As I said unless you are going to modify the appliance you are bonding to
earth.


Under the 17th edition regs the supplementary bonding can be omitted, but
only if the main bonding is OK and all circuits feeding the bathroom are
30 mA RCD protected. In this case there is the potential (no pun ...) for
a serious shock between the live towel rail and other (earthy) metalwork.
However if the shock current is large enough to be really dangerous the
RCD will trip and cut off the supply within a few milliseconds.


That would be the main bonding to where exactly?


Of course if there were actual physical earth points on the towel
radiator rather than just the earth in the flex you might have a second
earth to connect to the pipes but that's not likely as the fuse hasn't
blown.


The regs allow the flex to be used as part of the bonding (you bond in the
fused connection unit).
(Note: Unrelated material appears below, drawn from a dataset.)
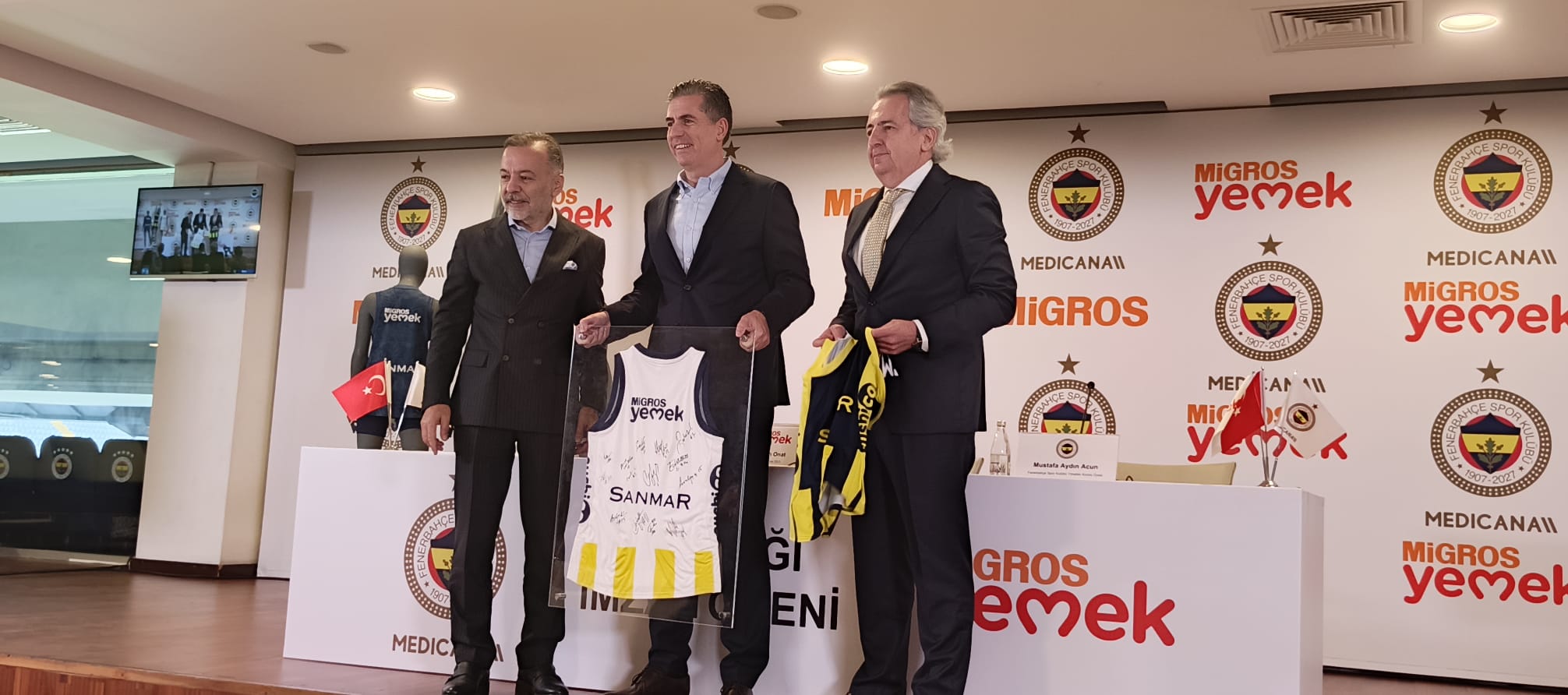 FENERBAHÇE KADIN VOLLEYBOLUN AVRUPA HEDEFİ KUPA: “O YIL, BU YIL!”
Clearly the committee considered that the risk of
an open circuit in the flex was low enough not to worry about. If you
disagree there's nothing to stop you bonding to the rail itself.


So where do you not bond to earth within the FCU?

Like I said for domestic wiring it is bonding to earth, there is very little
alternative if you have any sort of appliance.

And as I said if you want to discuss bonding in an industrial context it can
be done.

We bonded huge amounts of metal together but we didn't use green and yellow
earth cable to do it as it wasn't earth.